**Work required**:
The answer is the full listing restated exactly, without any pictures.

**Raw data**:
......

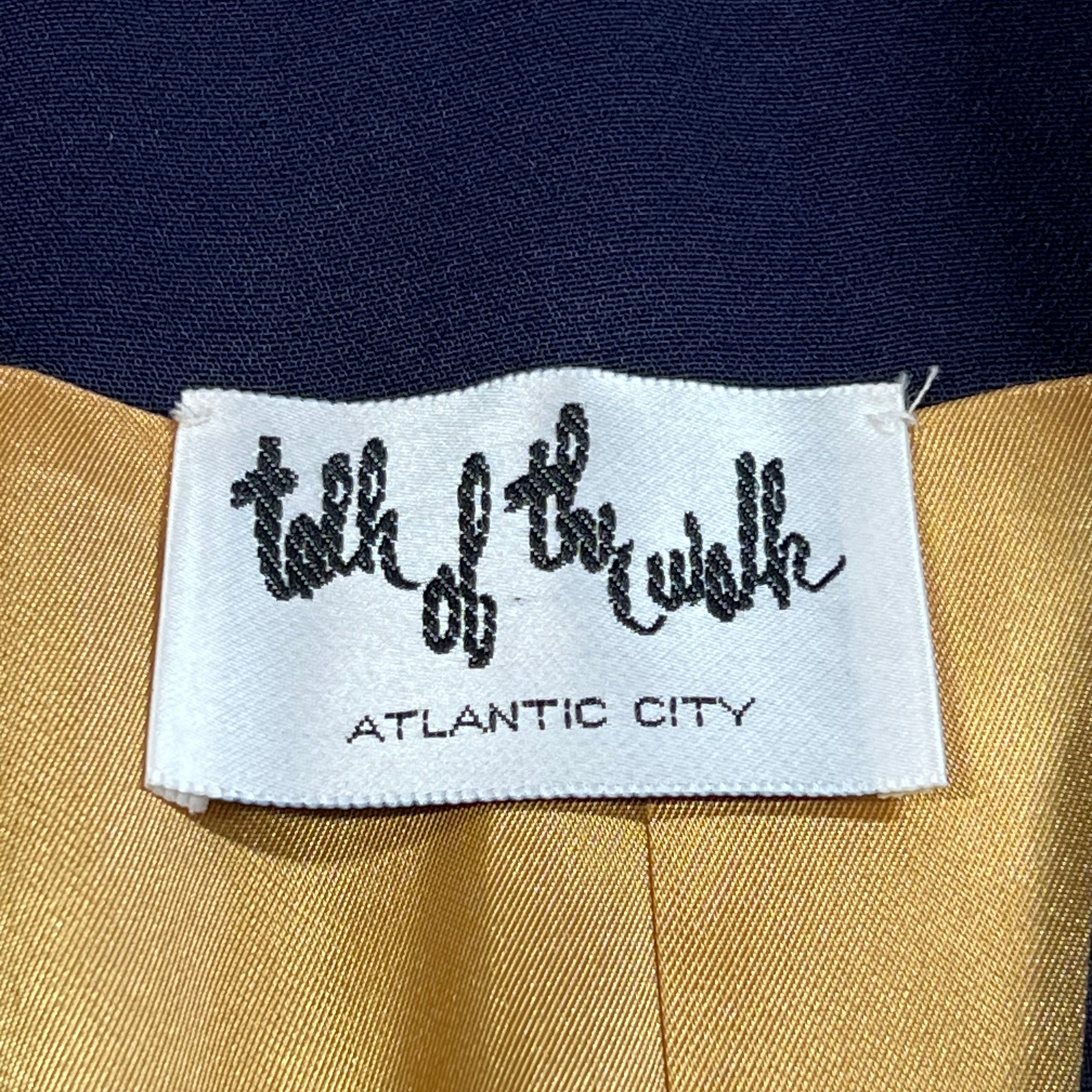 80s Deadstock Talk of the Walk Nautical Navy and Gold Blazer L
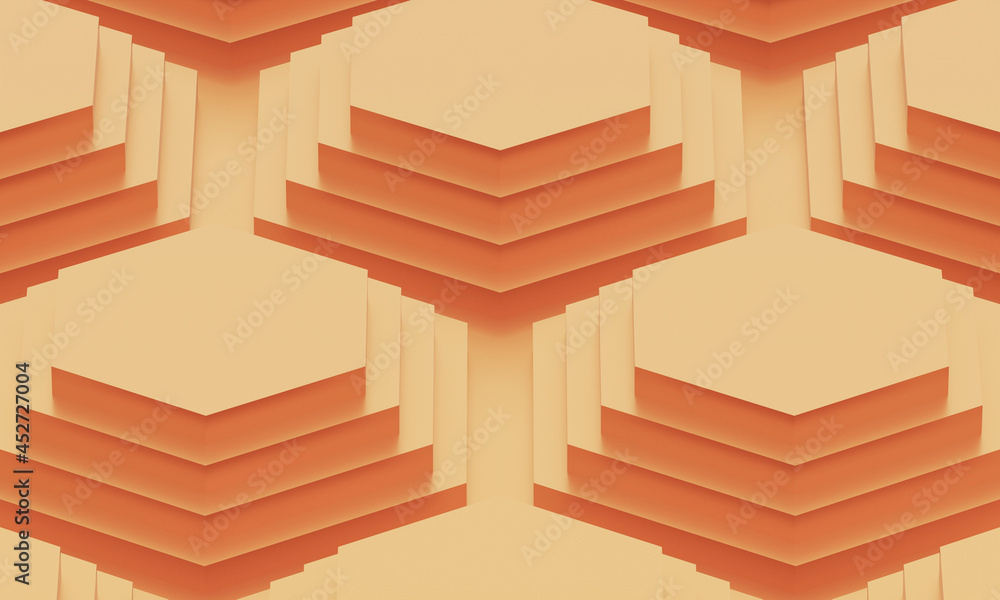 Poster 3d rendering abstract polygon background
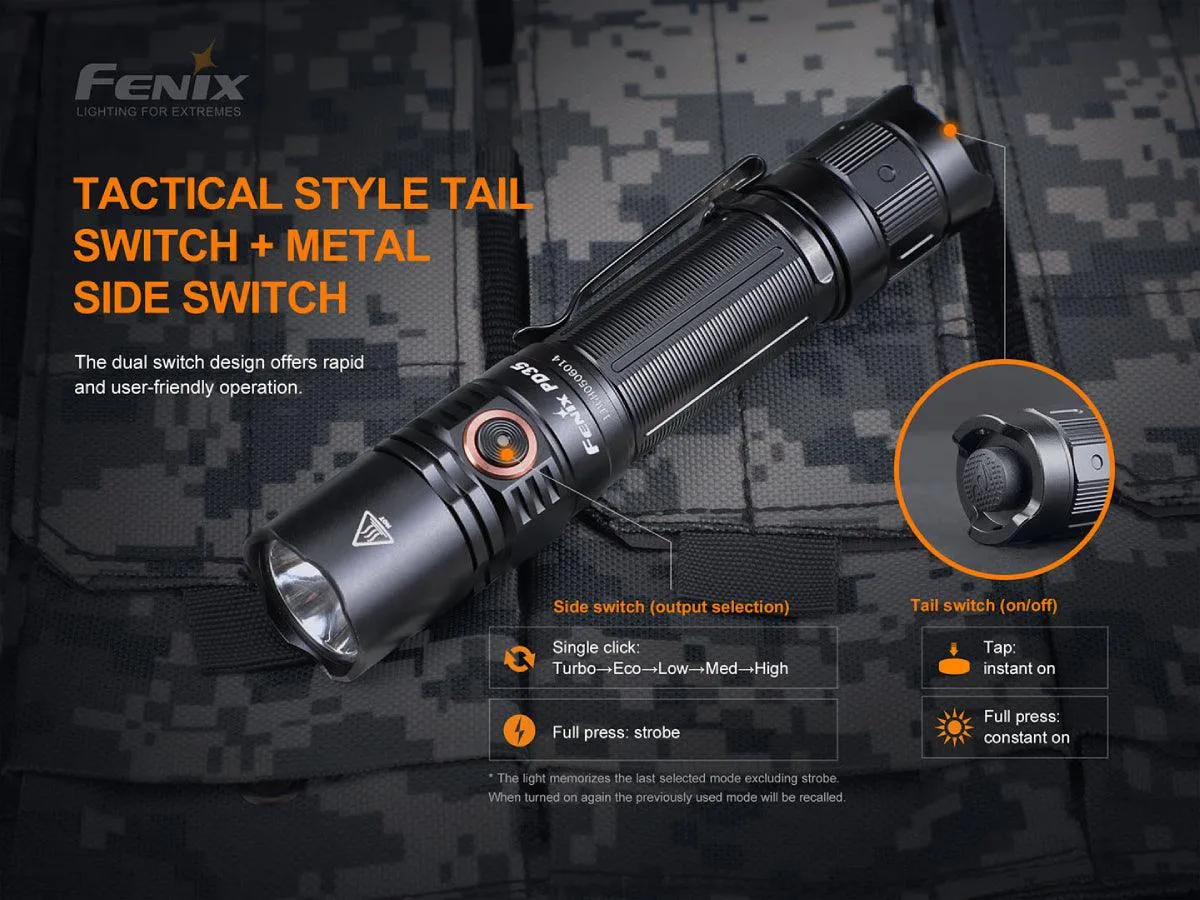 LED Flashlight Fenix PD35 V3.0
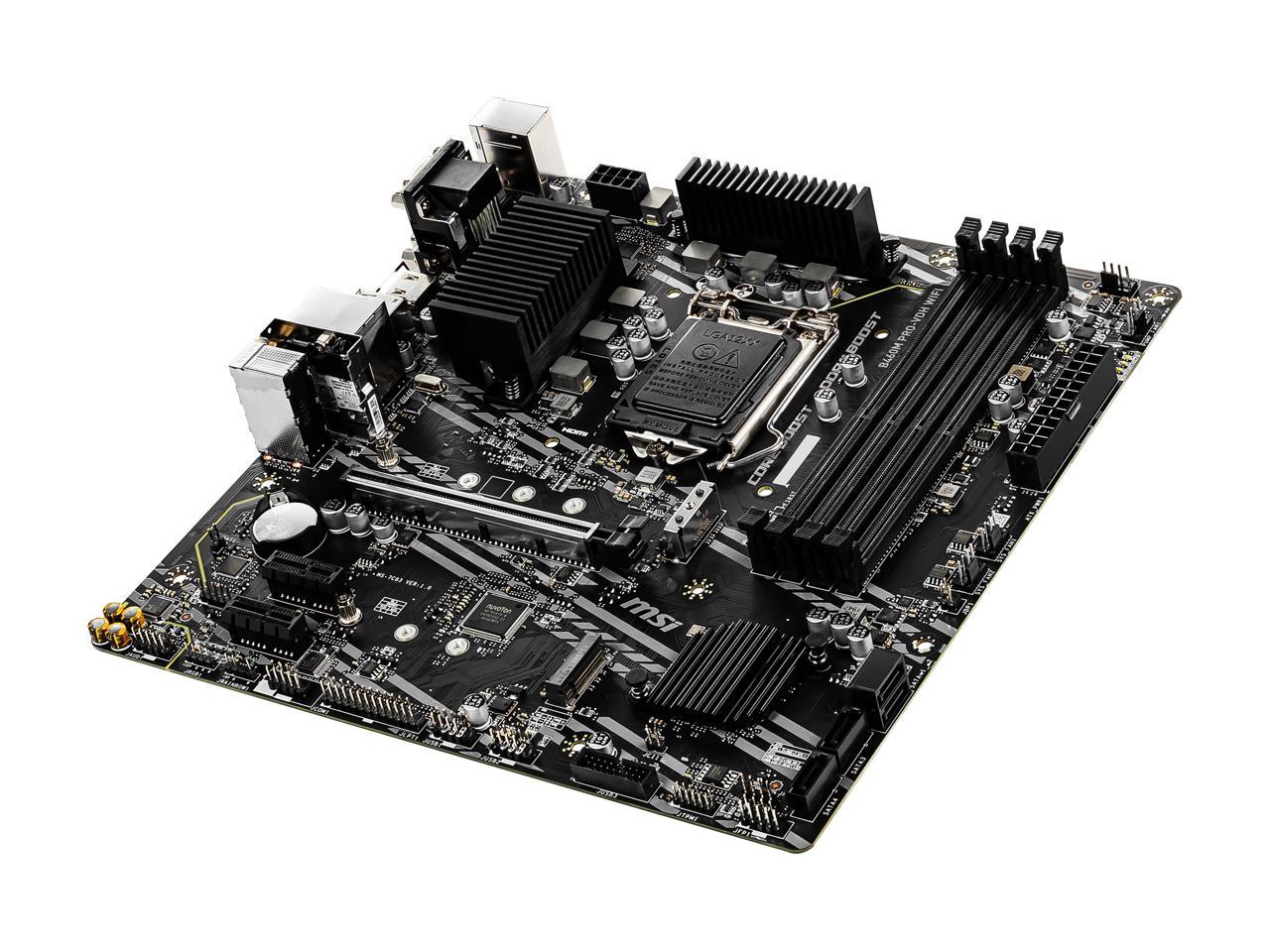 Msi B460M Pro-Vdh Wifi Lga 1200 Intel B460 Micro Atx Intel Motherboard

......

**Solution for this task**:
 80s Deadstock Talk of the Walk Nautical Navy and Gold Blazer L
 Poster 3d rendering abstract polygon background
 LED Flashlight Fenix PD35 V3.0
 Msi B460M Pro-Vdh Wifi Lga 1200 Intel B460 Micro Atx Intel Motherboard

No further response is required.